**** Material provided ****
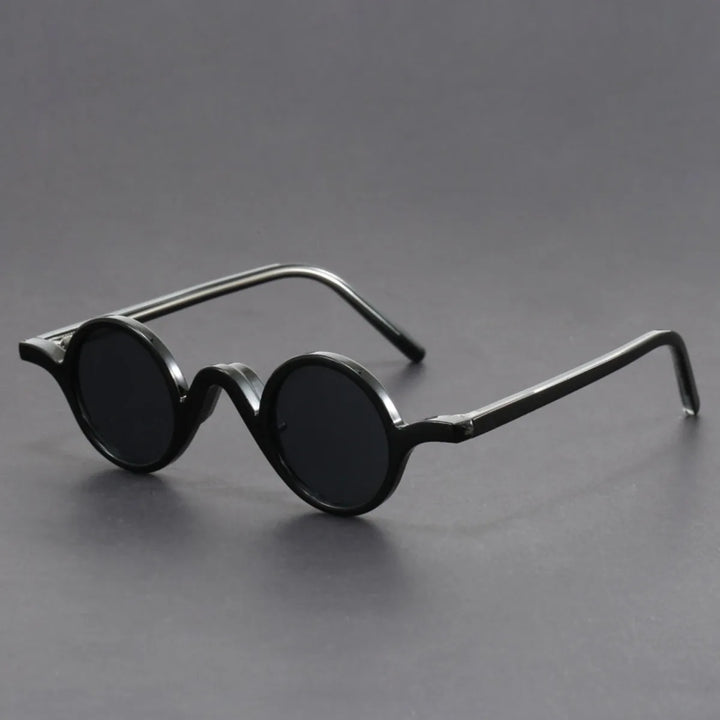 Avalon Round Retro Sunglasses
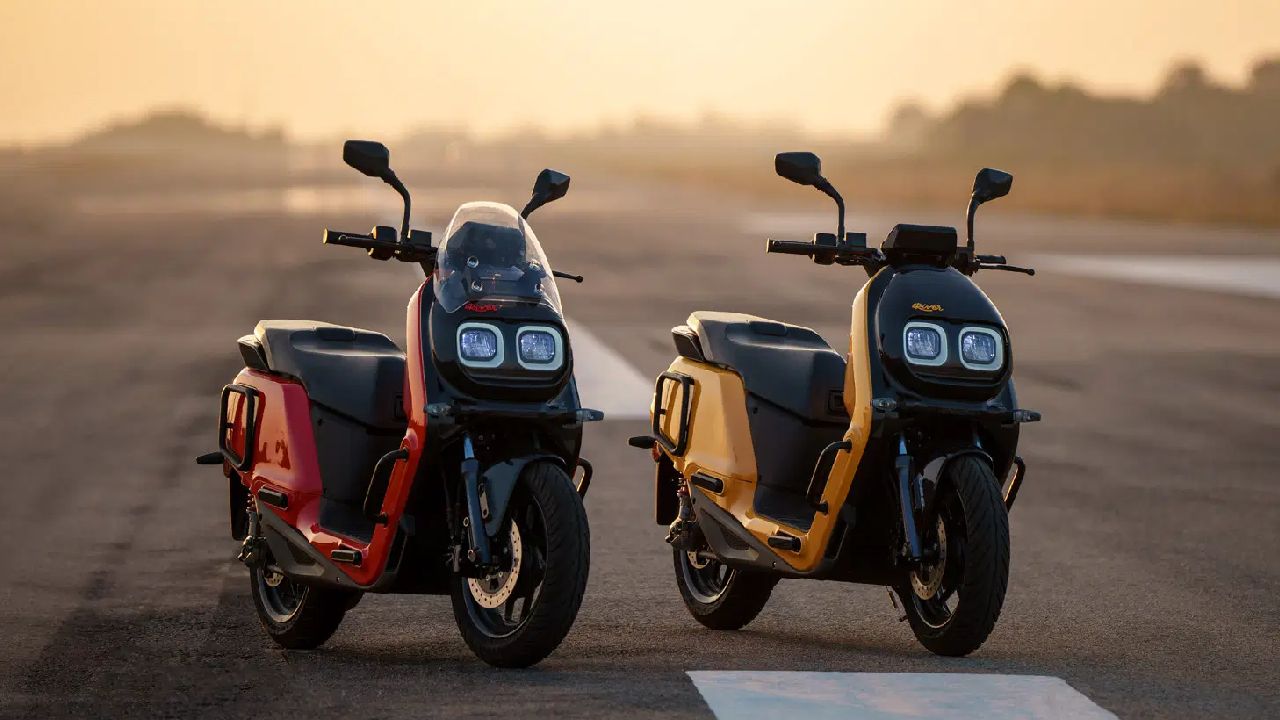 Yamaha Motor Invests USD 40 Million in Indian Electric Two-Wheeler Startup River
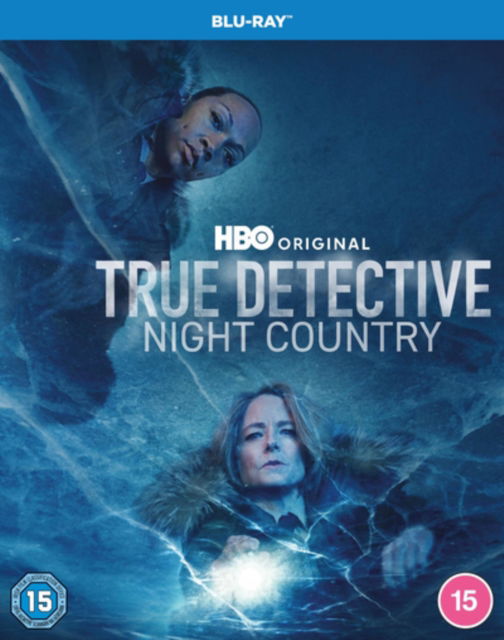 Cover for True Detective: Season 4 · True Detective Season 4 (Blu-ray) (2024)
****
# Exercise
All that belongs in the answer is the exact run of lines from the line containing "Yamaha Motor Invests" to the end of the listing above, pictures removed.

# Answer section
 Yamaha Motor Invests USD 40 Million in Indian Electric Two-Wheeler Startup River
 Cover for True Detective: Season 4 · True Detective Season 4 (Blu-ray) (2024)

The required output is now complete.